Así uno de los creadores más radicales del séptimo arte japonés, el ínclito Toshio Matsumoto, se inspiró en una obra del kabuki escrita por el maestro Nanboku Tsuruya para deformar los patrones del cine clásico hacia una derivada muy sinuosa, sin duda polémica, proyectando una epopeya ensuciada con una puesta en escena que no esconde sus orígenes teatrales empapada de una atmósfera pesadillesca.

Y es que Pandemonium no solo se alza como una pieza sublime y enfermiza de cine experimental, sino que igualmente esconde en su oscuro linaje alguna de las escenas más grotescas, salvajes e impactantes de la historia del cine japonés, capítulos que de ser rodados hoy en día podrían ser causa de una orden de arresto contra los responsables de su ejecución merced a la naturalidad con la que se expone la violencia de tonalidad extrema —la cinta contiene una escena de infanticidio ciertamente escalofriante añadida a secuencias sanguinolentas de asesinatos, desmembramientos y decapitaciones— así como el tono vanguardista e iconoclasta, no apto para mentes sensibles, que vertebra el esqueleto del film.

Lo que comienza siendo una especie de pesadilla emanada de la mente de un samurái caído en desgracia y arruinado por su querencia al alcohol y a satisfacer los caprichos de una ambiciosa geisha, acabará desembocando en una fábula de engaños, falsas apariencias y posterior venganza trenzada a través de una epopeya circular —que toca también las historias de fantasmas y de terror— donde nada es lo que parece y todo apuntará hacia el punto de partida: la ambición sin límites que afecta la condición humana y la maldición que castiga a aquellos que hacen recaer sobre el dinero sus únicos objetivos existenciales.

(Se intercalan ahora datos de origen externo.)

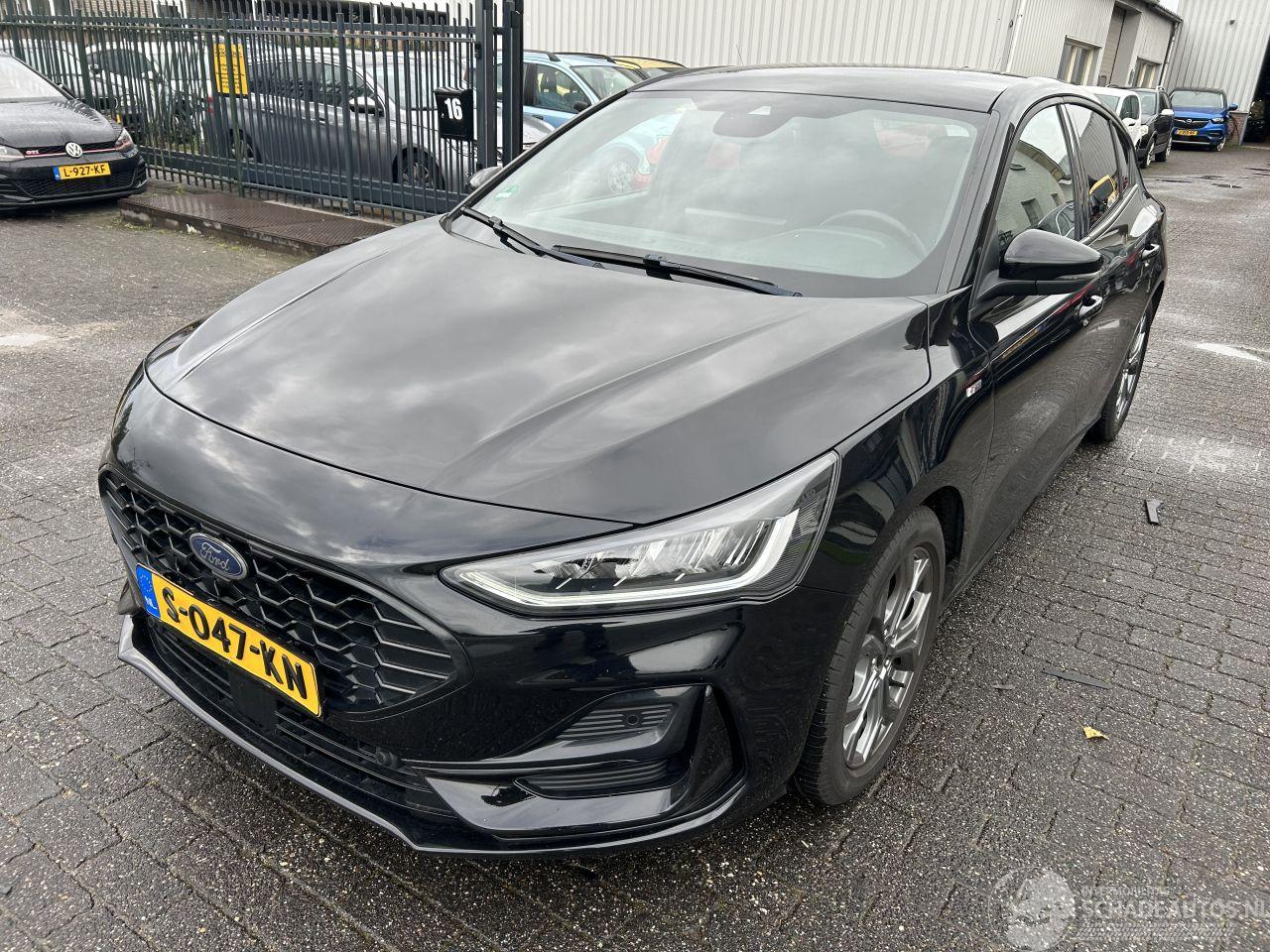 Ford Focus 1.0 Hybrid  ST Line X  ( Panoramadak )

Un dinero señal de perdición, de lascivia, de traición… y que será el arranque y la culminación de la historia, como un círculo nefasto que atrapa a sus moradores en una espiral de muerte y autodestrucción.

A Toshio Matsumoto se le nota comodísimo con un material propicio para derretir sus pretensiones nihilistas y trascendentales, derrochando pues toda su sapiencia a través de una fotografía en blanco y negro en la que los claro oscuros juegan un papel primordial tanto para embellecer el contorno como para ennegrecer los paisajes con tintes malsanos y obscenos. La cinta se conserva como un deleite para los sentidos, gracias a su escenificación preciosista, a la vez que minimalista. Matsumoto construyó así una especie de obra teatral de kabuki fragmentada en varios actos diferenciados todos ellos por unos diálogos de texto que anuncian el arranque de los mismos, transmutando el entorno formal en una representación del infierno, a lo que contribuye una iluminación perfectamente planificada para inquietar al espectador potenciada con toda una serie de artificios como rebobinados, ralentíes, repeticiones alienantes de la misma escena, juegos temporales que muestran el mismo espacio en tiempos distorsionados, bifurcaciones escénicas, ensoñaciones infectadas de un hilo de terror inmoral y finalmente una fotografía muy sensual, siendo el aspecto visual clave para lograr un hechizo severo en el espectador.

En este sentido, Pandemonium supo transgredir los límites convencionales, contaminando su perfil con una trama que conjuga el clasicismo del pretérito teatro japonés con la ruptura divergente propia de la mirada de un outsider siempre dispuesto a desquiciar. El film se beneficia de un tono subversivo magnético de aromas sádicos que supone todo un ejercicio de estilo naufragando en unos terrenos farragosos que no renuncian a izar una perversa moraleja acerca del tormento que persigue a aquellos que se dejan vencer por sus debilidades, caligrafiando una parábola muy sutil y desgarradora gracias a la mezcla de experimentación y poesía. Una película turbia, elegante y retorcida que hinca el diente en el imaginario siempre fascinante de ese maestro del cine maldito que fue Toshio Matsumoto.